→ Data block:

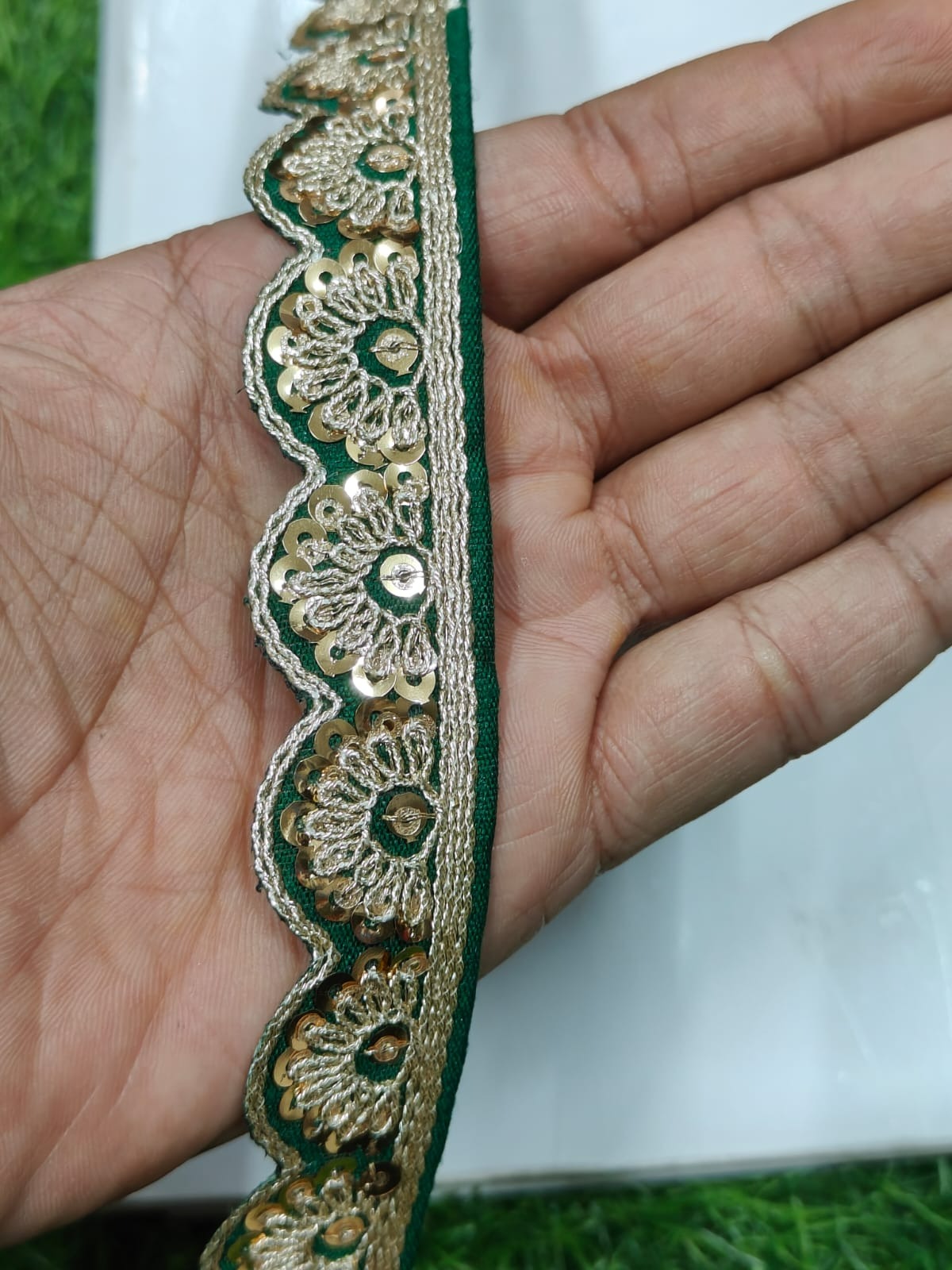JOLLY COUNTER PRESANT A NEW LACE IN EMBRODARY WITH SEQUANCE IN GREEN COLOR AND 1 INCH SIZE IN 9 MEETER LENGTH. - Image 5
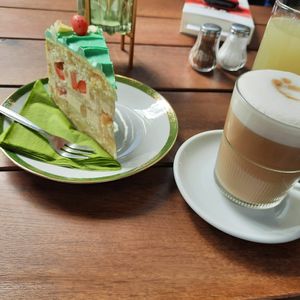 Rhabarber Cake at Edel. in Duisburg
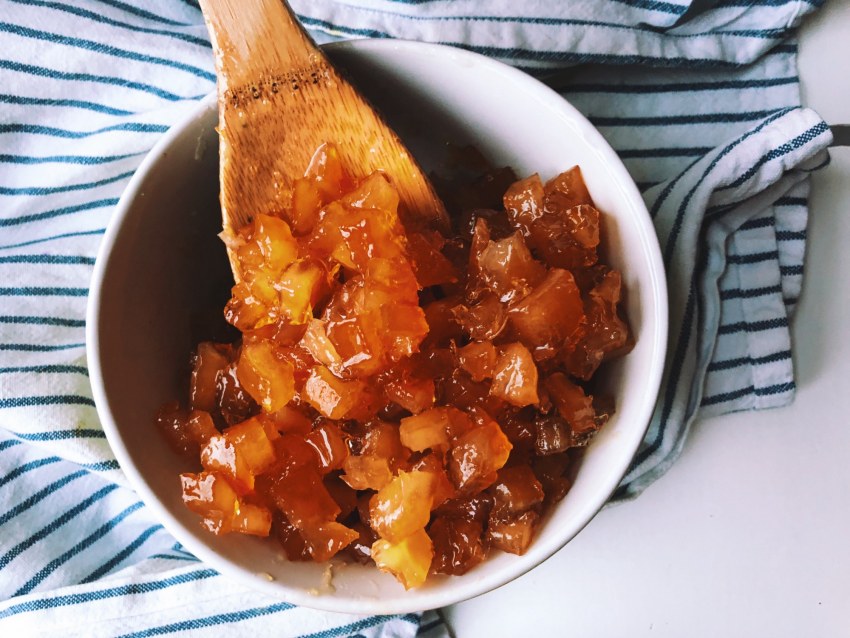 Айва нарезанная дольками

→ What to do:
Without including any pictures, print all of the material exactly as given.

→ Response area:
JOLLY COUNTER PRESANT A NEW LACE IN EMBRODARY WITH SEQUANCE IN GREEN COLOR AND 1 INCH SIZE IN 9 MEETER LENGTH. - Image 5
 Rhabarber Cake at Edel. in Duisburg
 Айва нарезанная дольками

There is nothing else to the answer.